Thursday, March 15, 2007

Life on Earth - Episode 07 - Victors of the Dry Lands

"The seventh episode is devoted to the evolution of reptiles. They are not as restricted as their amphibian ancestors, since they can survive in the hottest climates. The reason is their scaly, practically watertight skin. The scales protect the body from wear and tear and in the case of some species of lizard, such as the Australian thorny devil, serve to protect from attack. The horned iguana from the West Indies is also one of the most heavily armoured. The skin is rich in pigment cells, which provide effective means of camouflage, and the chameleon is a well known example. Temperature control is important to reptiles: they can’t generate body heat internally or sweat to keep cool.
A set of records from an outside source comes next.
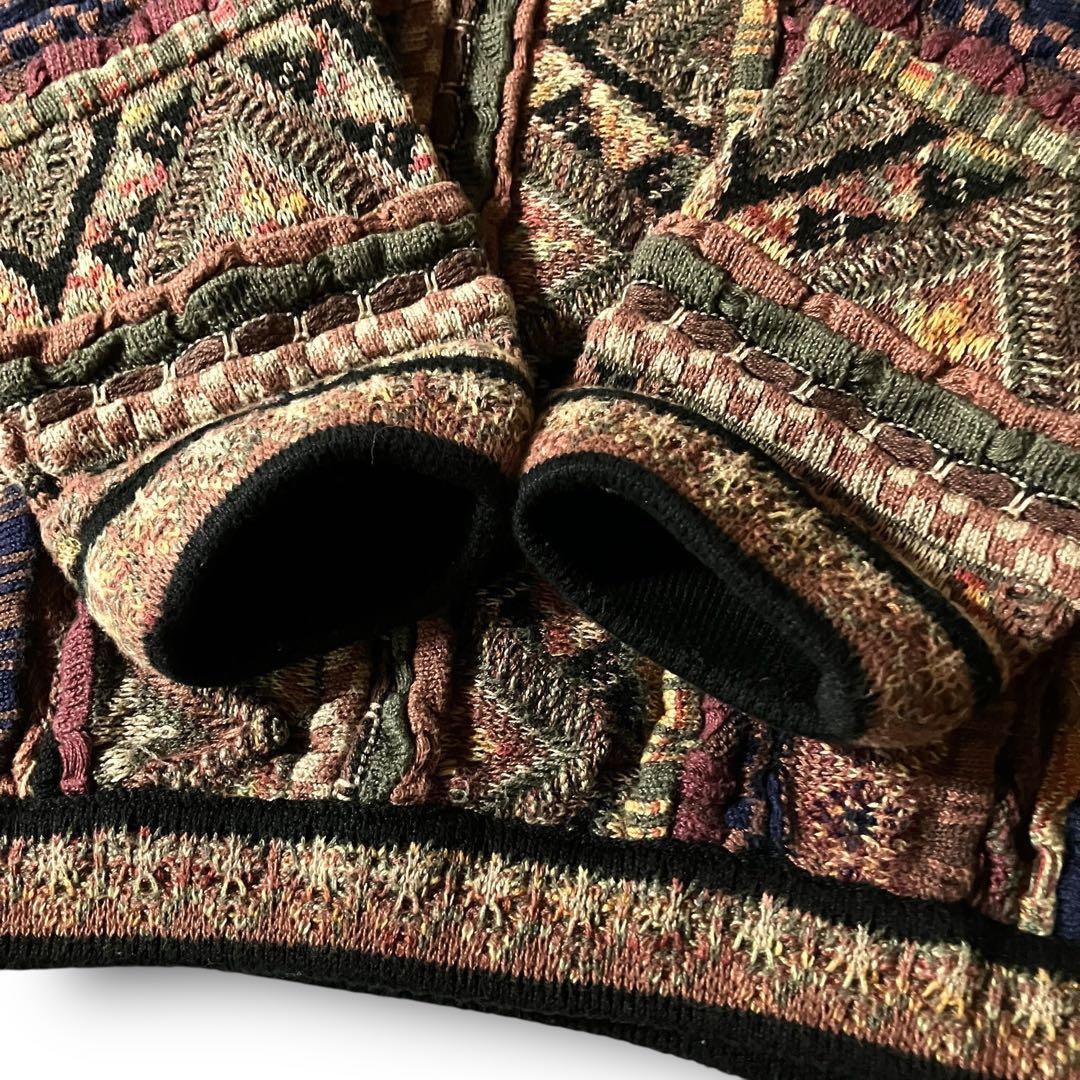 90s TUNDRAツンドラ幾何学模様3Dニット希少クージー調CBOYブラウンM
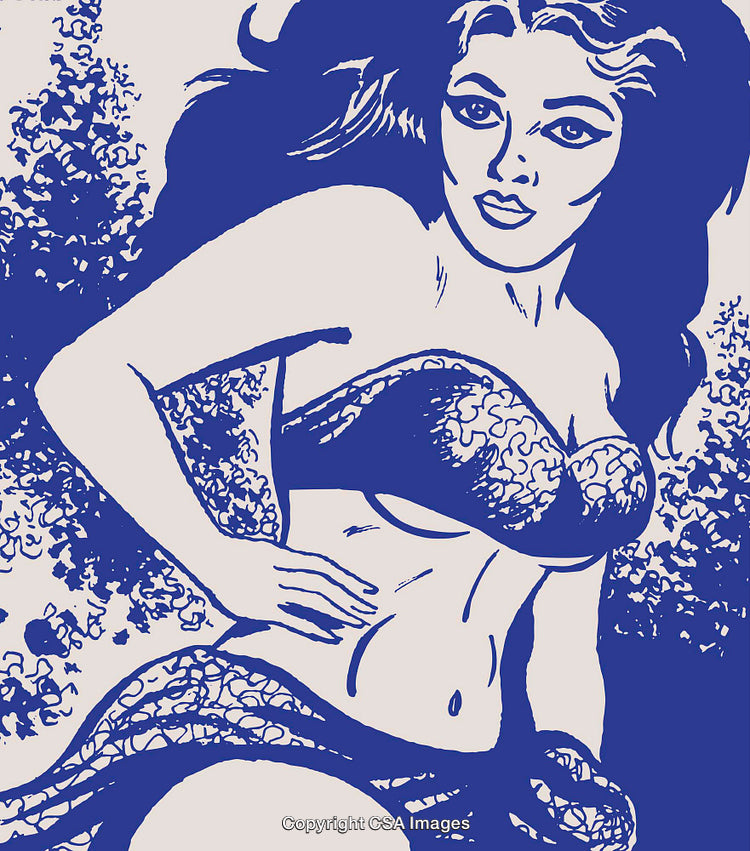 Stylized Illustration of a Fashionable Woman in Blue Tones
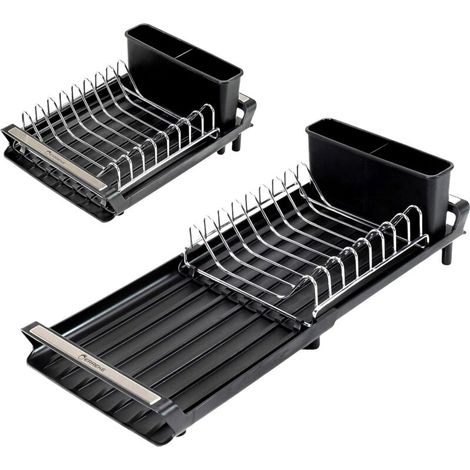 Egouttoir Vaisselle INOX, Egoutoire Vaisselle Cuisine Pliable, Bec Verseur pour l'Évier, 28 à 47 cm de Long, 20 cm de Large, Couleur Blanche, Couleur Noir (1/5)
Therefore, they rely on the sun and areas of shade. The reptiles were the first vertebrates for whom internal fertilisation was essential, so they developed the watertight egg, which hatches fully formed young. The age of the dinosaurs is explored, and Attenborough surmises that it may have been climate change that led to their abrupt demise. Those that survived were water-dwellers, and the bull Nile crocodile is the largest reptile alive today. Snakes evolved when burrowing lizards lost their legs but returned above ground. The boa, puff adder and sidewinder demonstrate methods of locomotion, the egg-eating snake has an extreme example of a hinged jaw, and the lethal diamondback rattlesnake is described as the most efficient at dispatching its prey."